Neste momento ela se julga na grande Ópera de Paris, onde
jamais esteve, e uma dançarina corta, entre outras ervas,
uma planta de cicuta e lha atira dizendo: É para ti. O médico
julgou-me em delírio. Alguns minutos depois a doente despertou
pesadamente, e suas primeiras palavras foram: ‘Oh! Como a
Ópera é bonita! Mas, por que essa cicuta que me atira
aquela bela ninfa?’ O médico ficou estupefato. Foi
administrada a Sara uma poção em que entrava a cicuta
e ela ficou curada nalguns dias.”
Os exemplos de transmissão do pensamento são muito
frequentes, não talvez de maneira tão característica
quanto no fato acima, mas sob formas diversas. Quantos fenômenos
assim se passam diariamente aos nossos olhos, que são como
os fios condutores da vida espiritual, e aos quais, contudo, a Ciência
não se digna conceder a menor atenção! Certamente
os que os repelem não são todos materialistas; muitos
admitem uma vida espiritual, mas sem relação direta
com a vida orgânica. No dia em que essas relações
forem reconhecidas como lei fisiológica, ver-se-á
realizar-se um imenso progresso, porque só então a
Ciência terá a chave de uma porção de
efeitos aparentemente misteriosos, que prefere negar, por não
poder explicá-los à sua maneira e com os seus meios
limitados às leis da matéria bruta.
Ligação íntima entre a vida espiritual e a
vida orgânica durante a vida terrena; destruição
da vida orgânica e persistência da vida espiritual após
a morte; ação do fluido perispiritual sobre o organismo;
reação incessante do mundo invisível sobre
o mundo visível e reciprocamente, tal é a lei que
o Espiritismo vem demonstrar, e que abre à Ciência
e ao homem moral horizontes completamente novos.
Por que lei da fisiologia puramente
material poder-se-iam explicar os fenômenos do gênero
do acima referido? Para que o Sr. Deschamps pudesse ler tão
claramente no pensamento da moça, era preciso um intermediário
entre ambos, um elo qualquer. Medite-se bem o artigo precedente
e reconhecer-se-á que esse elo não passa da radiação
fluídica, que dá a visão espiritual, visão
que não é barrada pelos corpos materiais.
Sabe-se que os Espíritos
não necessitam da linguagem articulada. Eles se entendem
sem o recurso da palavra, pela só transmissão do pensamento,
que é a linguagem universal. Assim acontece por vezes entre
os homens, porque os homens são Espíritos encarnados
e, por essa razão, gozam, em maior ou menor grau, dos atributos
e faculdades do Espírito.
Mas, então, por que a moça
não lia o pensamento do Sr. Deschamps? Porque numa visão
espiritual era desenvolvida, no outro, não. Segue-se que
ele poderia tudo ver, ler nos espelhos espirituais, por exemplo,
ou ver à distância, à maneira dos sonâmbulos?

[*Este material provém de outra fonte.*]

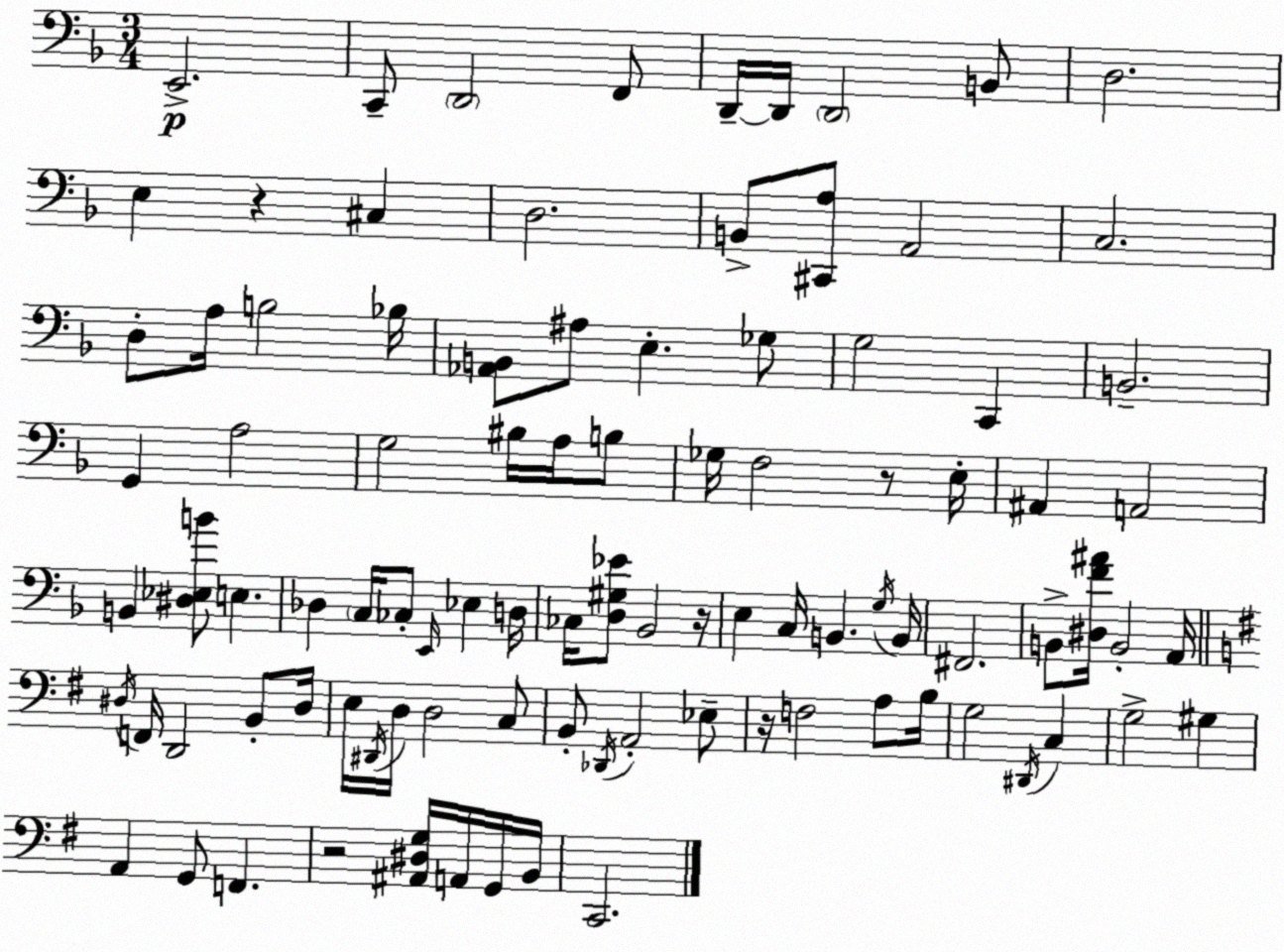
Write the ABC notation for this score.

X:1
T:Untitled
M:3/4
L:1/4
K:F
E,,2 C,,/2 D,,2 F,,/2 D,,/4 D,,/4 D,,2 B,,/2 D,2 E, z ^C, D,2 B,,/2 [^C,,A,]/2 A,,2 C,2 D,/2 A,/4 B,2 _B,/4 [_A,,B,,]/2 ^A,/2 E, _G,/2 G,2 C,, B,,2 G,, A,2 G,2 ^B,/4 A,/4 B,/2 _G,/4 F,2 z/2 E,/4 ^A,, A,,2 B,, [^D,_E,B]/2 E, _D, C,/4 _C,/2 E,,/4 _E, D,/4 _C,/4 [D,^G,_E]/2 _B,,2 z/4 E, C,/4 B,, G,/4 B,,/4 ^F,,2 B,,/2 [^D,F^A]/4 B,,2 A,,/4 ^D,/4 F,,/4 D,,2 B,,/2 ^D,/4 E,/4 ^D,,/4 D,/4 D,2 C,/2 B,,/2 _D,,/4 A,,2 _E,/2 z/4 F,2 A,/2 B,/4 G,2 ^D,,/4 C, G,2 ^G, A,, G,,/2 F,, z2 [^A,,^D,G,]/4 A,,/4 G,,/4 B,,/4 C,,2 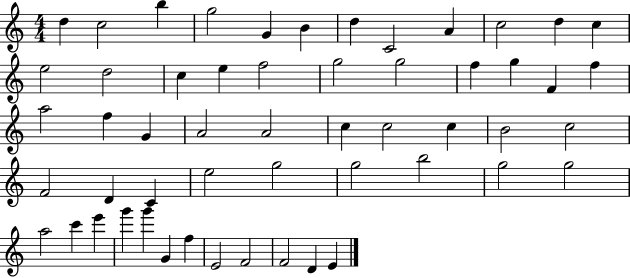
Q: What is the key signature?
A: C major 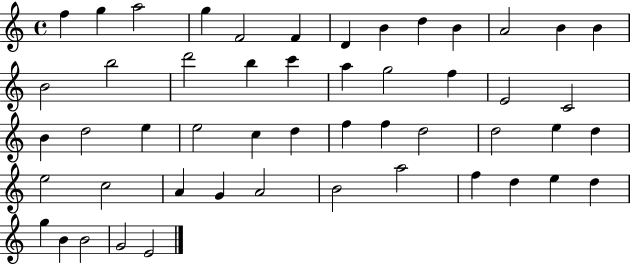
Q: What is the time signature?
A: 4/4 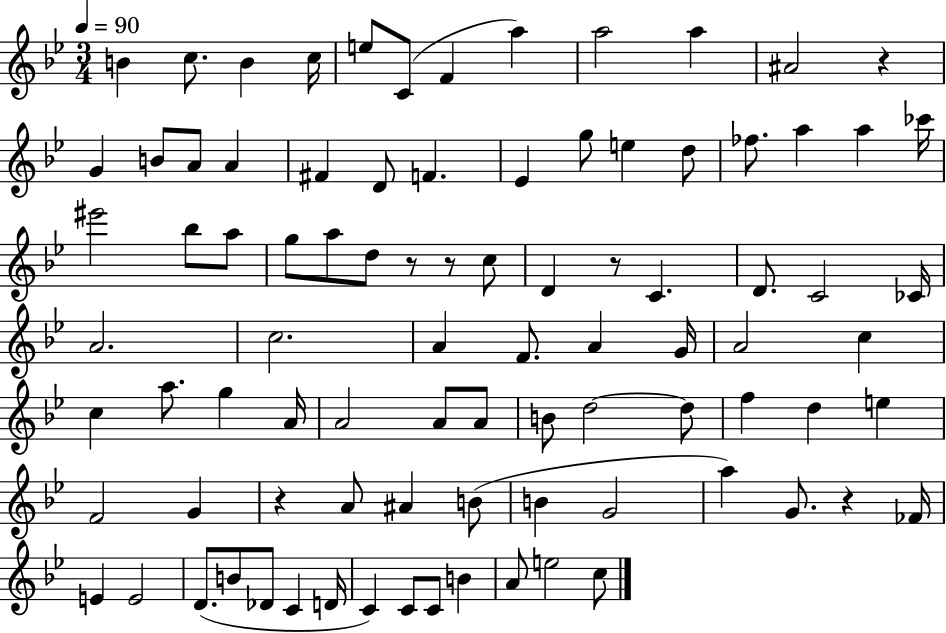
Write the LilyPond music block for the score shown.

{
  \clef treble
  \numericTimeSignature
  \time 3/4
  \key bes \major
  \tempo 4 = 90
  b'4 c''8. b'4 c''16 | e''8 c'8( f'4 a''4) | a''2 a''4 | ais'2 r4 | \break g'4 b'8 a'8 a'4 | fis'4 d'8 f'4. | ees'4 g''8 e''4 d''8 | fes''8. a''4 a''4 ces'''16 | \break eis'''2 bes''8 a''8 | g''8 a''8 d''8 r8 r8 c''8 | d'4 r8 c'4. | d'8. c'2 ces'16 | \break a'2. | c''2. | a'4 f'8. a'4 g'16 | a'2 c''4 | \break c''4 a''8. g''4 a'16 | a'2 a'8 a'8 | b'8 d''2~~ d''8 | f''4 d''4 e''4 | \break f'2 g'4 | r4 a'8 ais'4 b'8( | b'4 g'2 | a''4) g'8. r4 fes'16 | \break e'4 e'2 | d'8.( b'8 des'8 c'4 d'16 | c'4) c'8 c'8 b'4 | a'8 e''2 c''8 | \break \bar "|."
}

Não, porque sua faculdade podia ser desenvolvida apenas num
sentido especial e parcialmente. Poderia ele ler com a mesma facilidade
o pensamento de todo mundo? Ele não o diz, mas é provável
que não, porque podem existir relações fluídicas
que facilitem essa transmissão de indivíduo a indivíduo
e não existir do próprio indivíduo para uma
outra pessoa. Ainda não conhecemos senão imperfeitamente
as propriedades desse fluido universal, agente tão poderoso
e que desempenha tão importante papel nos fenômenos
da Natureza. Conhecemos o princípio, e já é
muito para nos darmos conta de muitas coisas; os detalhes virão
a seu tempo.
Comunicado o fato acima à Sociedade de Paris, um Espírito
deu a respeito a instrução seguinte:
(SOCIEDADE ESPÍRITA DE PARIS,
8 DE JULHO DE 1864 MÉDIUM: SR. A. DIDIER)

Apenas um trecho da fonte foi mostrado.